Mais, il y a un bon côté dans chaque situation et laissez-moi vous dire que le masque est LA solution pour savoir si on pue de la bouche. Mettons qu’on le remarque assez rapidement si notre haleine est louche! Ha et tant qu’à en rire, je dois vous dire que souvent je me remémore mon jeune temps. Mais je ne pensais jamais revivre ma puberté à 30 ans! Peu importe les onguents, les crèmes et les différents produits nettoyants, les boutons au niveau du nez et du menton se font persistants.

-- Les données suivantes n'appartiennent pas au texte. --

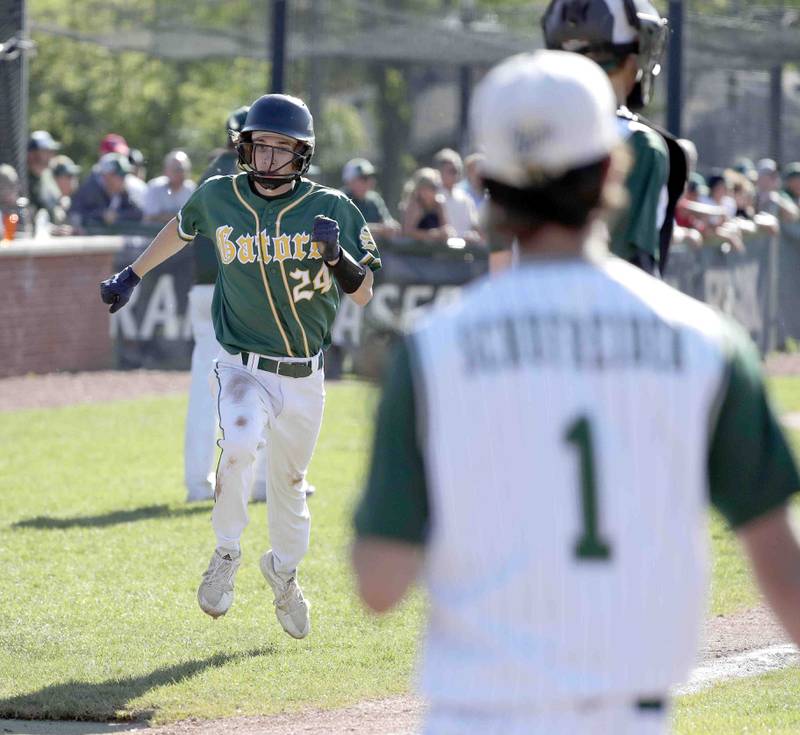 Crystal Lake South's Mason Struck heads in for the only run of the game during the IHSA Class 3A sectional semifinals, Thursday, June 2, 2022 in Grayslake.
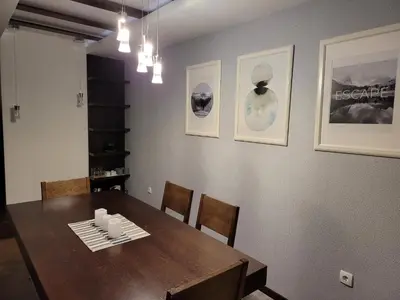 a dining room with a wooden table and chairs at Zoi i Nika Kopaonik in Kopaonik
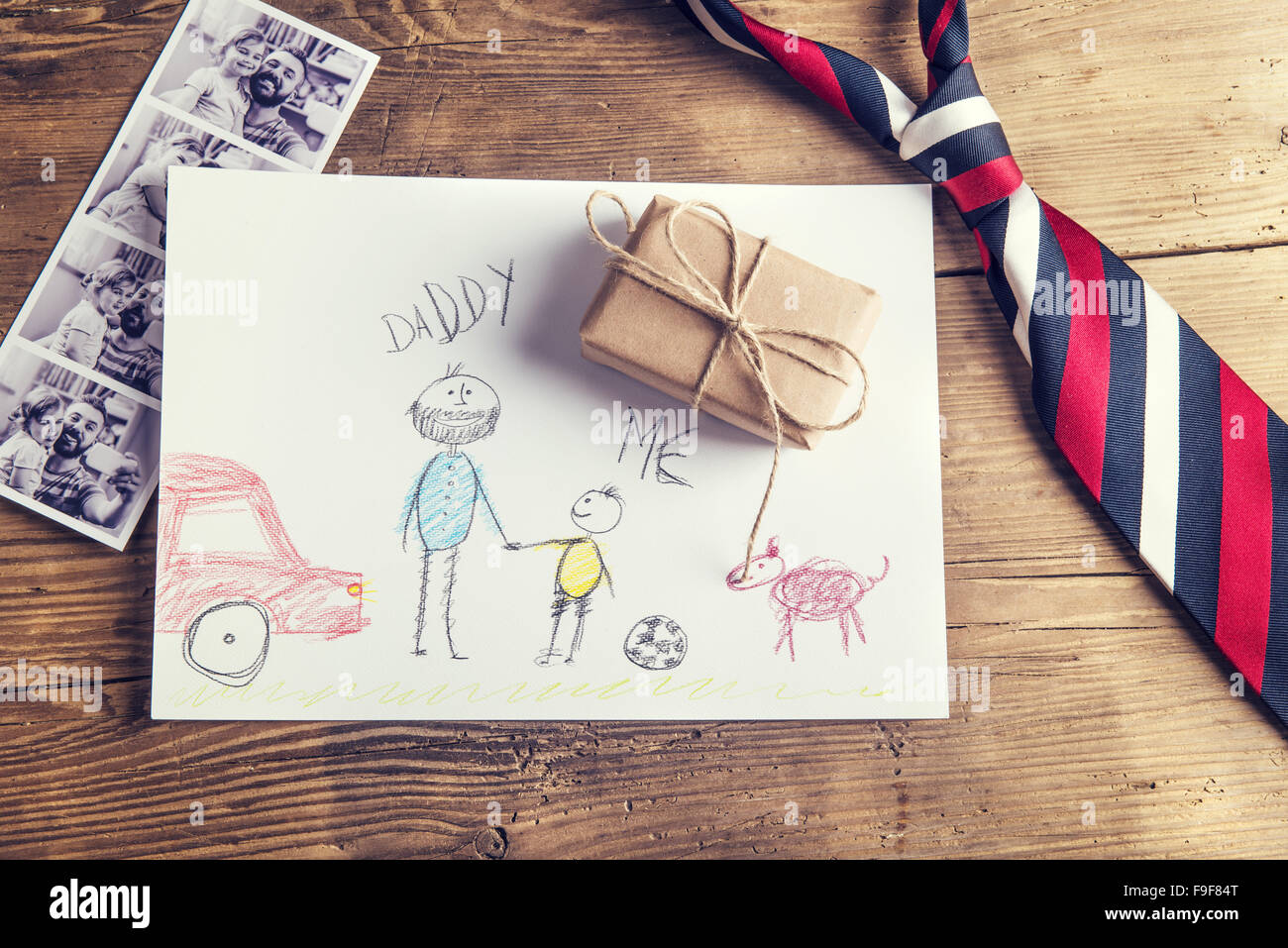 Photos Polaroid de père et fille, dessin d'enfant, du présent et de l'égalité mis sur fond d'un bureau en bois. Banque D'Images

Alors voilà, dans ce premier segment de ma vie de prof masquée j’ai abordé plutôt l’aspect des restrictions et des protections pour éviter la contagion. J’ai décidé d’y aller avec un peu d’humour et de légèreté parce que je suis consciente que la situation est difficile et lourde à porter. Il y a plusieurs sujets plus sérieux qui doivent être abordés : les horaires qui sont chamboulés, les minutes de récupération écourtées, les classes et même les écoles qui risquent de fermer, la tâche des enseignants qui est augmentée, l’enseignement à distance qui doit être maîtrisé, le stress, l’incertitude, les adaptations… Et surtout, le travail exceptionnel du personnel des écoles. Chaque jour je vois des enseignants ainsi que des intervenants qui trouvent le moyen d’être résilients et souriants. Je crois que c’est parce que nous avons un but commun : protéger et s’assurer du bien-être de nos enfants qui tentent de se définir dans ce monde en changement…

***

C’est en relisant ces lignes pour m’assurer qu’il n’y a pas de coquille que je reçois un courriel. Je peux lire en majuscules : PREMIER CAS DE COVID CONFIRMÉ. Je m’approche de mon ordinateur, c’est un élève de ma classe. J’ai arrêté de respirer : Hé merde c’est commencé!